Fig. 4a  Raw panorama preview

Fig. 4b  Panorama preview with ocean horizon straightened and leveled.

4) PanoStitcher already automatically adjusted the photos in the panorama.  However, you might want the ocean horizon to be perfectly straight and level.  Right-click in the panorama preview window to pop-up the floating menu.  Choose "Unbend panorama".  Drag vertically on the panorama to straighten the horizon. Then pop-up the floating menu again to choose "Rotate panorama". Drag vertically on the panorama to level the horizon. 

Blend

1) Choose Resolution Ratio .75 which corresponds to a panorama size of 2789 x 687 pixels. 

2) Click Blend to make the panorama (automatically cropped).

Now the panorama is made!

Edit

1) Make the panorama window just fit inside PanoStitcher's main window (by clicking the Zoom-in or Zoom-out button in the tab bar while pressing the  [Ctrl key). 

2) Click on Main Toolbar Brightness/Contrast button to pop-up the "Brightness/Contrast" menu.  Adjust the Contrast slide bar to enhance the panorama.

3) Right-click in the panorama windown and choose "Select crop region".  Fine-tune the auto-cropped region to your liking by dragging on its sides.  Right-click and select "Crop" to crop the panorama.

Save

1) Click on File | Save Project to save the stitching project to the project file sunset.psp in the "sunset" folder.  Later you can continue working by loading this .psp file to PanoStitcher and clicking Stitch.

2) Click on Main Toolbar "Save image" button to pop-up the "Save Panorama Image" window.  Save the panorama to the name "pano_sunset.tif" which is uncompressed.  This is the master panorama for future use.

3) Right-click on panorama and select "View in PixtraViewer..." to pan and zoom the saved panorama.  You can also view the panorama in Perspective view which will straighten the inherent warping.

4) Click on Main Toolbar ["Print" button to bring up the visual printing utility.  Set page "Orientation" to "Landscape" in Setup | Page Setup dialog box.  Right-click in the panorama window to pop-up the print floating menu and choose "Fit 1x3 Pages".  Click Print to print the panorama to three 8"x11"pages. 

* The three printed pages will need to be taped or glued, and will have visible seams.

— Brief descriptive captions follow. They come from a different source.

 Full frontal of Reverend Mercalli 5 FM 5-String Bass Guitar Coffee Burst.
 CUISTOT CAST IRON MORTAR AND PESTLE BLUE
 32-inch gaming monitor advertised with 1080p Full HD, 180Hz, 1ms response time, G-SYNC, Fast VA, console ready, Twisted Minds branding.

A better way is to tape or glue three blank papers together before printing, or to buy panorama photo paper (8"x22").  Then in Print setting, choose the proper "paper size" in "Page Setup" and "Fit One Page".  The panorama will be printed to a single long paper.

Post

Click on the "Post" page tab to show PanoGuide Post menu.

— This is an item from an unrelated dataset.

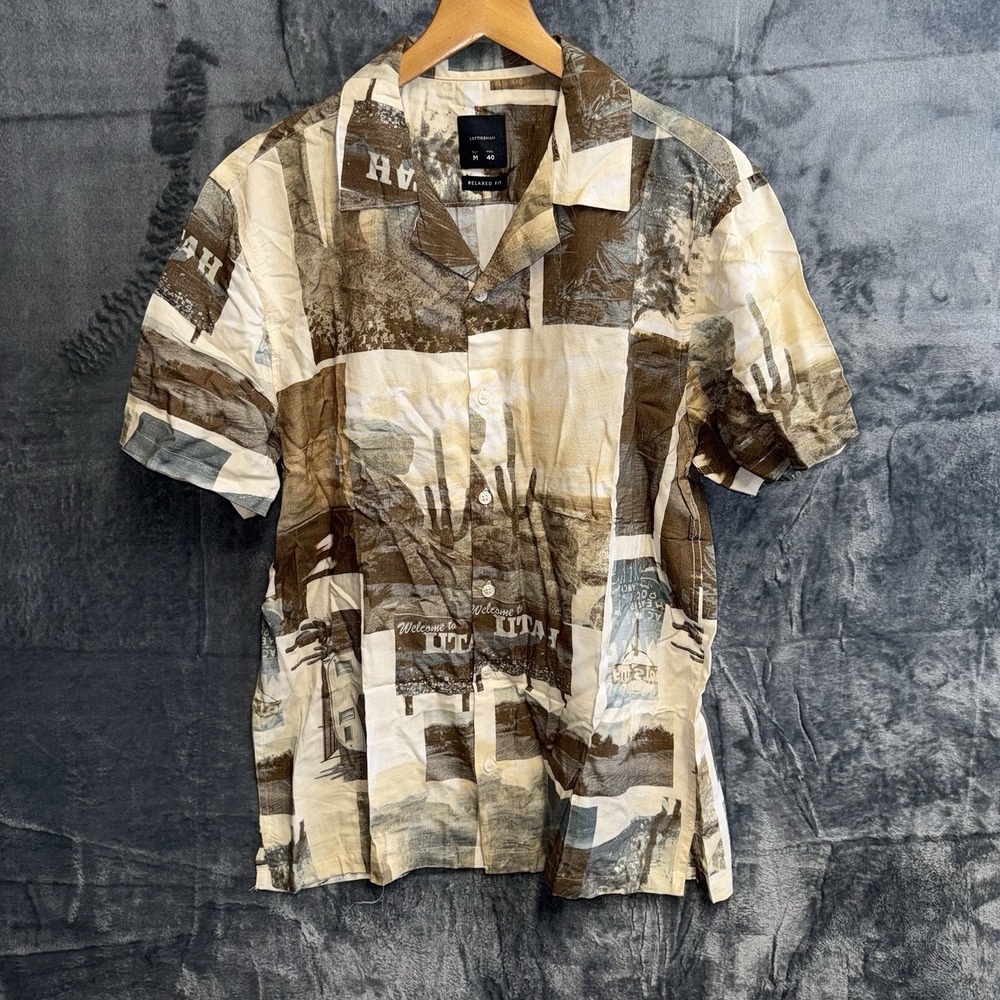 Leftiesman Vintage  Brown Beige Mens Size Europe M Relaxed Fit Button Up 075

1) Right-click on panorama and select "Set as Screen Saver" to pop-up "Display Property".  Select the "Screen Saver" tab.  If Pixtra PanoScreen is the current screen saver, the "pano_sunset.tif" thumbnail preview should already be spinning.  Otherwise you need to select PanoScreen from the screen saver dropdown list.  Click "Settings..." to pop-up "Pixtra PanoScreen Configuration" window.  Change the spin-speed or add the panorama to a PanoAlbum.  Click OK to finish.  In "Screen Saver" menu click OK to set "pano_sunset.tif" as the screen saver of choice.

2) To publish the panorama to your website you need to scale down the master panorama.  Load "pano_sunset.tif" to PanoStitcher. Click on main menu View | "Zoom..." | "Select image size".  Change Width from 2678 to 570 to reduce the panorama to exactly the right size for this web page you are reading. Right-click in the panorama window to pop-up the panorama floating menu.  Select "Save at screen  resolution" to save the reduced panorama as seen on the screen (below is the resultant image).  You can also click on [Web] to automatically generate a dynamic web page using the PanoViewer plug-in.  

Fig. 5  Panorama that is precisely sized for web publishing.